Semi-supervised Anomaly Alerting (formerly known as ThingWatcher). This functionality identifies single property time series behavior that is statistically different than what was seen in a finite window of “known normal operation”. As such, it does not identify a “bad” event, or even a precursor to a “bad” event. Rather, it points the end user to further investigate a situation which may lead to a “bad” event. Anomaly Alerts can be easily setup like any other Alert on a Thing property. Multiple Anomaly Alerts can be setup on the same or different properties of a Thing. Behind the scenes, the platform builds a time series neural network model for the known normal operation data, which is then applied to incoming data, and, if the errors are significantly different than those on known normal operation over a period of time, then an Anomaly Alert is produced.

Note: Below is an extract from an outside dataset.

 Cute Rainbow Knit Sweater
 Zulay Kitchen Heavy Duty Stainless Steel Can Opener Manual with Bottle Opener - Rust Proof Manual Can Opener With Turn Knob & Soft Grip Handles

The techniques mentioned above are either unsupervised or semi-supervised. If the dataset contains labeled anomalies (e.g. asset faults, or suspicious patterns) then supervised predictive techniques (such as regression, decision trees, neural nets, or ensemble methods) are available to model the relationships between such anomalies (dependent variables) and various variables of interest (independent variables). These models can then be employed to monitor assets or production lines for upcoming anomalies. In many real-world use cases, anomalies are relatively rare; care needs to be taken when building such predictive models. Techniques such as up-sampling can prove beneficial in such situations.
What constitutes an Anomaly depends on the observed data and the current context. If only few data points are initially available, then it is possible that a lot of future data is predicted as an Anomaly, despite being normal operation. Also, in terms of context, if an Anomaly Detection is trained on a connected product in the Winter, it is likely to say all Summer operation is anomalous. This can be tackled by having multiple anomaly detection alerts implemented, one for each different context of operation (e.g. season, recipe being manufactured, operation done by a robot).

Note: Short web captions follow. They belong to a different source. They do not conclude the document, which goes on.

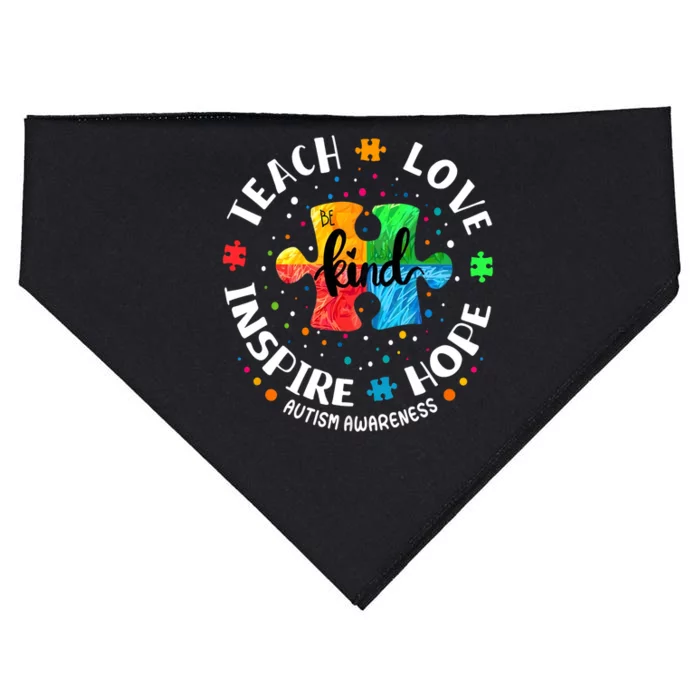 Autism Awareness Teacher Teach Hope Love Inspire USA-Made Doggie Bandana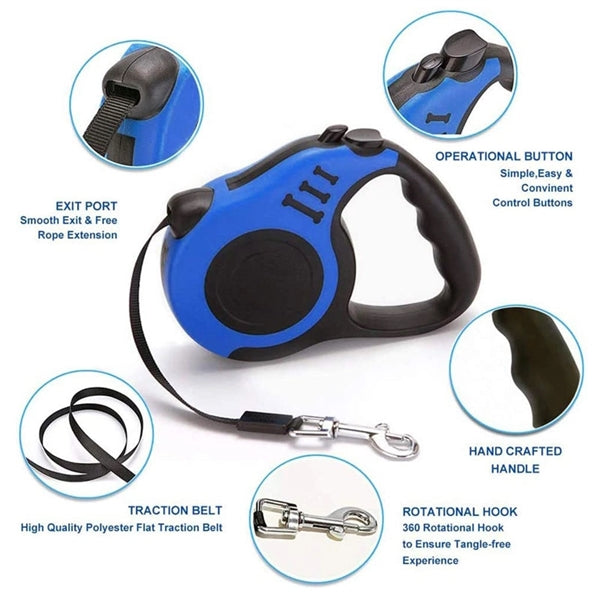 Portative Retractable Dog Leash 10FT for Small Medium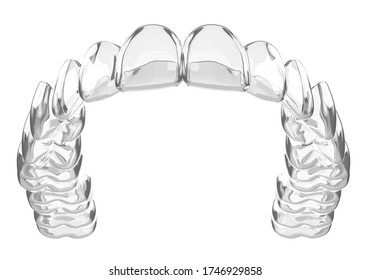 3d render of invisalign removable and invisible vacuum formed retainer over white background.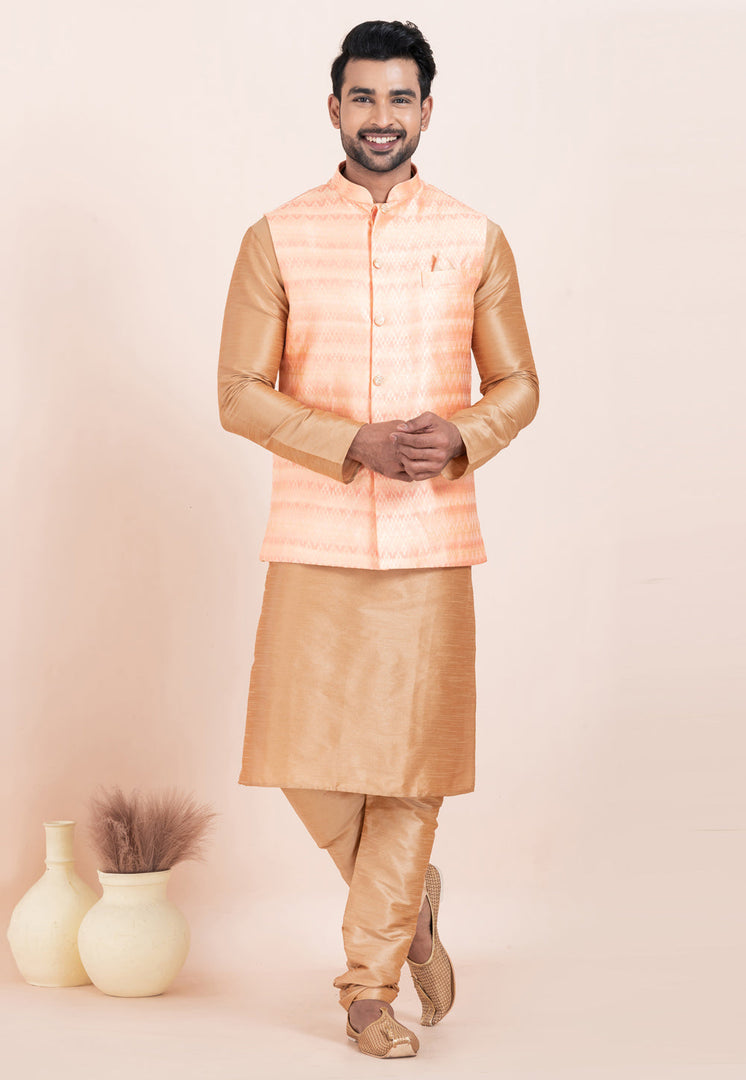 Beige Banarasi Silk Kurta Pajama With Jacket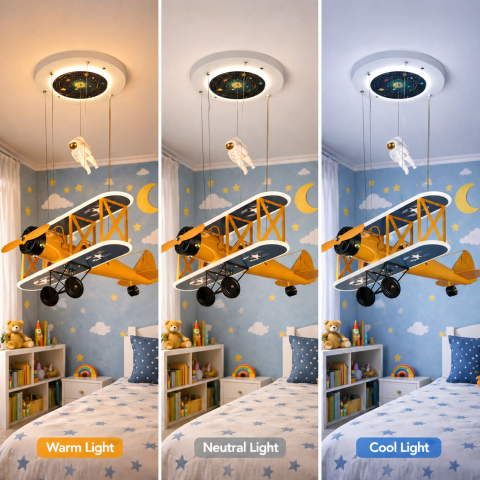 Lustra LED suspendata AVION 80W, lumina Rece/Calda/Neutra, Portocaliu Albastru [3]
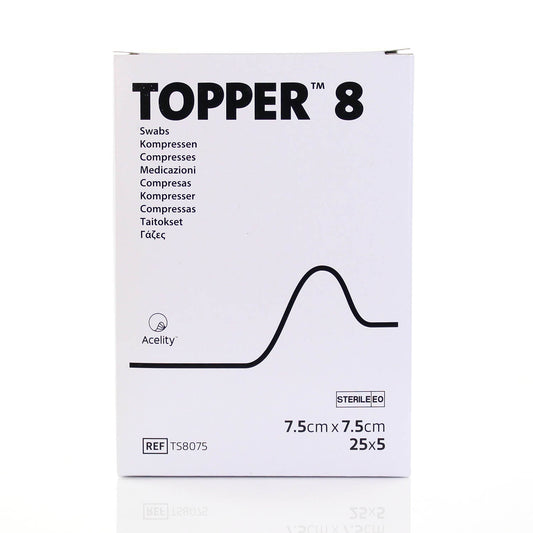 JJ Topper 8 Sterile Swabs 7.5 x 7.5 (25 x 5 PACK)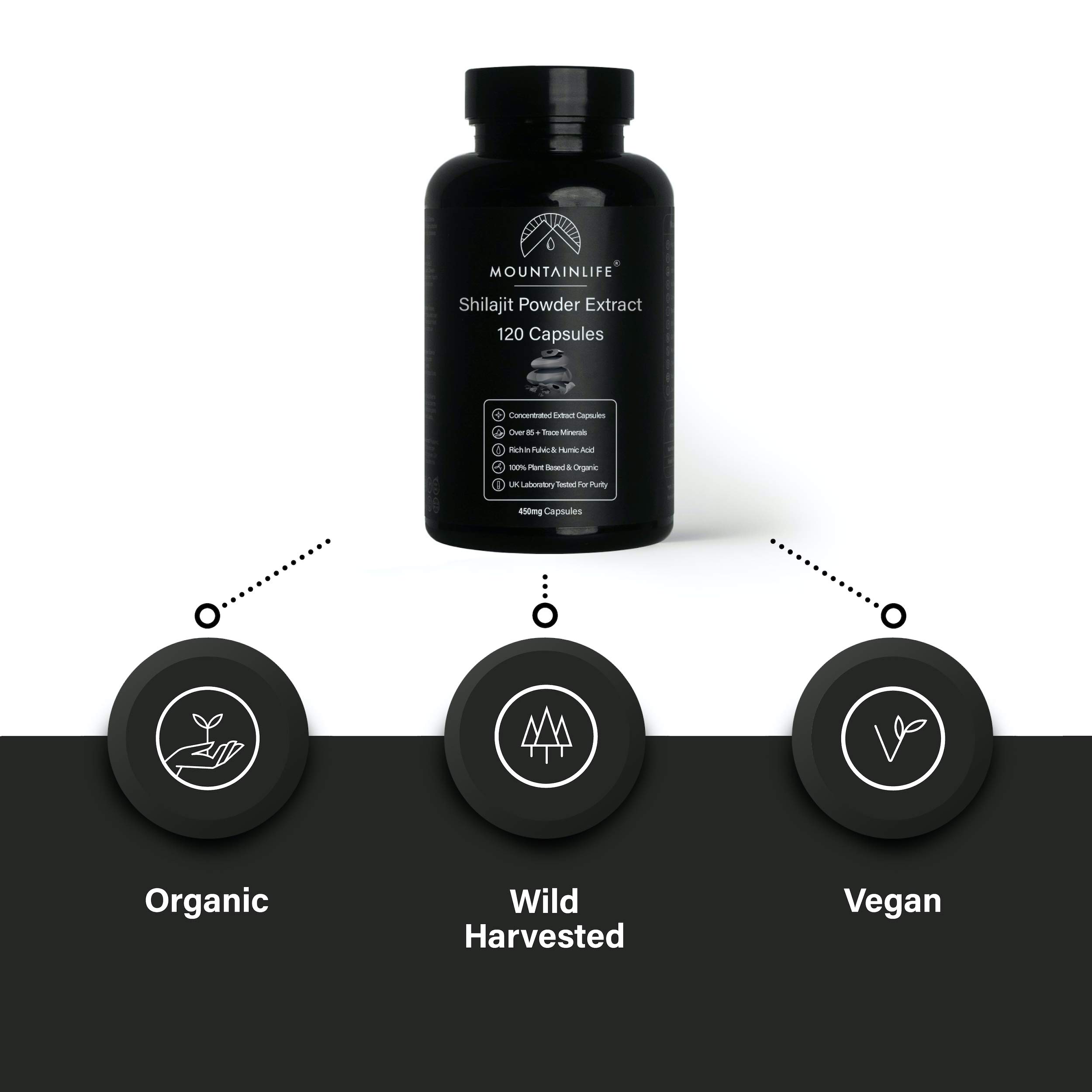 Mountainlife Natural Shilajit Capsules UK Lab Tested 120 Extract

Another consideration is lead time vs explainability. For example, when a threshold alert fires, it is obvious why, but it may not be early enough to take action. As more advanced methods are employed, more complex patterns can be captured, hence more lead time, but typically at the expense of explainability. For example, semi supervised Anomaly Alerting (formerly known as ThingWatcher) uses time windows, aggregations, and derivatives of up to the third order, resulting in significantly less explainability when an Anomaly is presented to the end user.
Choosing the appropriate Anomaly Detection technique is use case dependent, balancing the desired lead time and explainability. If historical data on failures/anomalies is not available, a good place to start is Statistical Process Control, as it provides a balanced approach between the two dimensions, in addition to being already in use across many manufacturing companies.